Para el maridaje, Guillermo se apunta al momento friki con un vino oxidativo singular. “Lo hemos creado de la mano de Bodegas Alodia, a partir de la variedad garnacha blanca; ha estado 281 días en una damajuana a la intemperie y el resultado es un vino con mucha acidez y salinidad”. En el otro extremo, este sumiller descubrió en la Bodega Libre y Salvaje (Almonacid de la Sierra. Zaragoza) una barrica de moscatel 100% casi abandonada. “Es un viaje al sur absoluto, como entrar en González Byass”. Dos vinos que Edgar y Arancha no conocían y que “nos han roto totalmente los esquemas de lo que habíamos probado hasta ahora”. El sumiller los sirve al mismo tiempo, para probar, comparar y elegir.

El sumiller, Guillermo Cárcamo, se encarga del maridaje.
El sumiller, Guillermo Cárcamo, se encarga del maridaje.

Al legar al bosque, entramos en el territorio de las carnes, donde el menú se acompasa alrededor de pequeños bocados, con la caza como protagonista. Del guiso de ragut de corzo acompañado de mole cocinado a fuego lento, sin prisa, a la royal de jabalí del Sobrarbe o la lengua de vaca en escabeche. Y para desengrasar, un delicado consomé de paloma torcaz al Oporto. Los tintos que aparecen muestran una cara alejada de las garnachas recias, contundentes y alcohólicas con las que tanto se identifica a los vinos de Aragón. Diaples, de Casa Vinícola Moliniás, recupera la tradición vitivinícola casi perdida del Sobrarbe. Un perfil francés y ligero, bajo en alcohol, que sorprende. A su lado, Benditas Cabras es la apuesta de Bodegas Edra por mostrar una variedad, parraleta, olvidada por su baja graduación.

Postre del menú Piedras.
Uno de los postres con los que finaliza el menú degustación Piedras.

El terreno se empina camino de las altas cumbres, allí donde pastorea el ganado trashumante. Por ejemplo, la ternera Parda de Montaña, protagonista del steak tartar de solomillo, y el cordero de los pastos del Sobrarbe con su costilla en dos cocciones. Un bombón de manzana oxidada limpia el paladar antes de cruzar el puerto y pasar a Francia, donde espera un pichón de Toulouse en salmis y macaron del paté de sus interiores. “El recorrido nos ha parecido fascinante, equilibrado y creativo a la hora de poner en valor el territorio; nosotros que venimos de una zona despoblada como Zamora, lo valoramos especialmente”, destacan Claudia y Adrián.
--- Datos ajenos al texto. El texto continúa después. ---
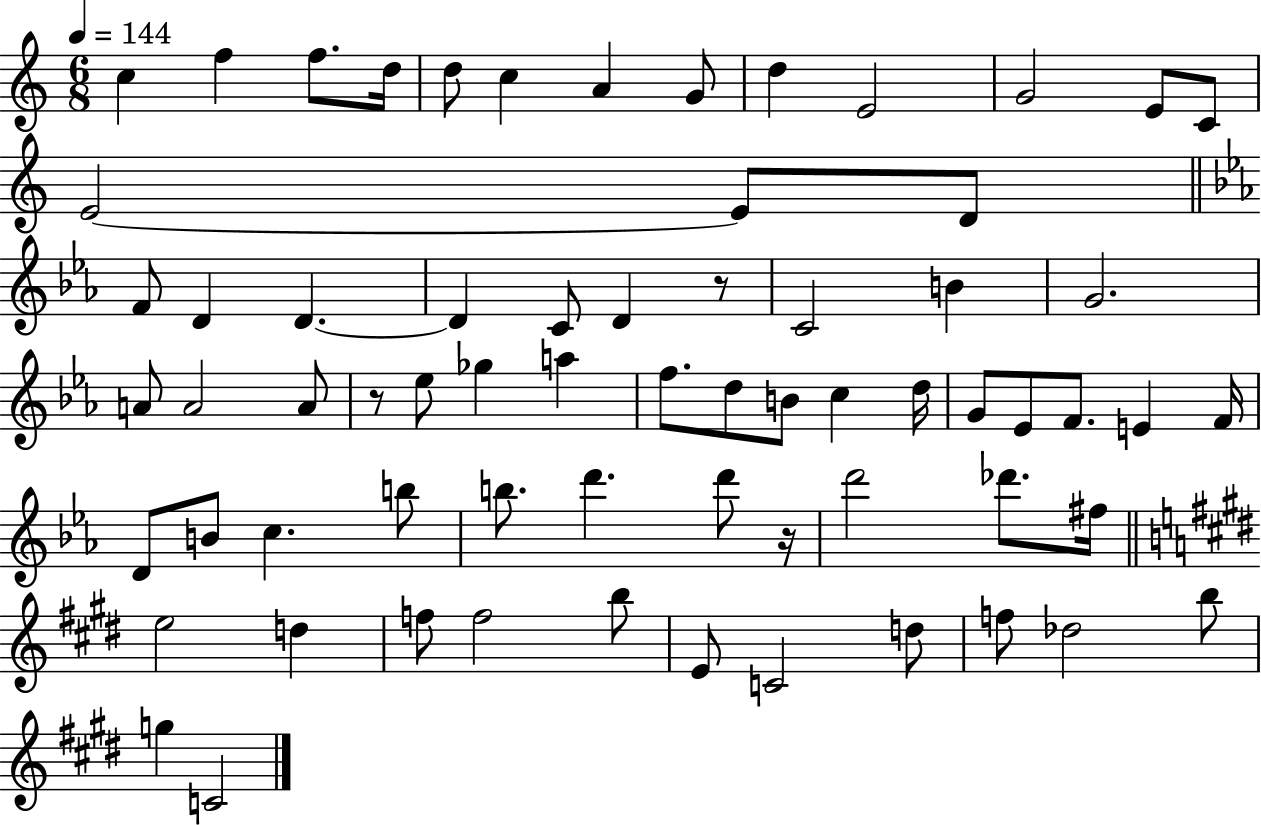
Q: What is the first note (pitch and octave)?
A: C5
La pareja agradece levantarse de la mesa para disfrutar de un viaje a través de los quesos pirenaicos. Se prueban tres, de los dos lados de la frontera, pero el más especial es el que se asemeja a la procesionaria de un pino. Es uno de los detalles de Callizo que está desde el principio. “El contraste de sabores es tan divertido como sorprendente; no te lo esperas”, comenta Claudia. A modo de colofón, hay alguna sorpresa más, de esas que conviene obviar, para no romper la magia del momento.

Las vistas desde el comedor a la Peña Montañesa son maravillosas.
Las vistas desde el comedor a la Peña Montañesa son maravillosas.

En fin, que el menú es largo. Han pasado algo más de tres horas, pero las dos parejas coinciden en que “es tan bonita la historia, ir conociendo los productos, a sus protagonistas y cómo los han transformado, que el tiempo pasa volando”. Eso sí, estando en Aínsa todavía queda algo por hacer: perderse por las estrechas calles de la villa medieval y, si se dan las circunstancias, disfrutar de la puesta de sol o, si se acude a cenar, subir al recinto amurallado y pasear bajo el cielo estrellado con el perfil de fondo de la Peña Montañesa.